━━━━━ Source data ━━━━━

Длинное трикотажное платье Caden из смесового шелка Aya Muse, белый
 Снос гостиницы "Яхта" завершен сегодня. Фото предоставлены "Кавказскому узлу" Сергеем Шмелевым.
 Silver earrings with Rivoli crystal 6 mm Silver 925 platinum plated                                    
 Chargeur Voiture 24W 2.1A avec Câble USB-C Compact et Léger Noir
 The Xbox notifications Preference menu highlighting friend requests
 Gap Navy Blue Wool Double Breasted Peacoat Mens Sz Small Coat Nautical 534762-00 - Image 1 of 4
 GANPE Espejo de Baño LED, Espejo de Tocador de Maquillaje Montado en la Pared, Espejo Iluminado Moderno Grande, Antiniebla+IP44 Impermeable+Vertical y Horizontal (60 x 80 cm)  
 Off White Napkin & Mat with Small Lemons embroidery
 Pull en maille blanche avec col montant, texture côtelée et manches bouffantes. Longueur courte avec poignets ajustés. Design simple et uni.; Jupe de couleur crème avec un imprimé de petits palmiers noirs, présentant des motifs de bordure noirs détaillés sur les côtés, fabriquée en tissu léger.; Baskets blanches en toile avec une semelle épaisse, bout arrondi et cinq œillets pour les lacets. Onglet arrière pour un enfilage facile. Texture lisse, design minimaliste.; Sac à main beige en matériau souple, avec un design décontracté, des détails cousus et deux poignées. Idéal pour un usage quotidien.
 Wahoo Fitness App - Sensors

━━━━━

*Aim of the task:* Answer with one number only: how many lines in the listing include "Small".

*Answer to this task:* 2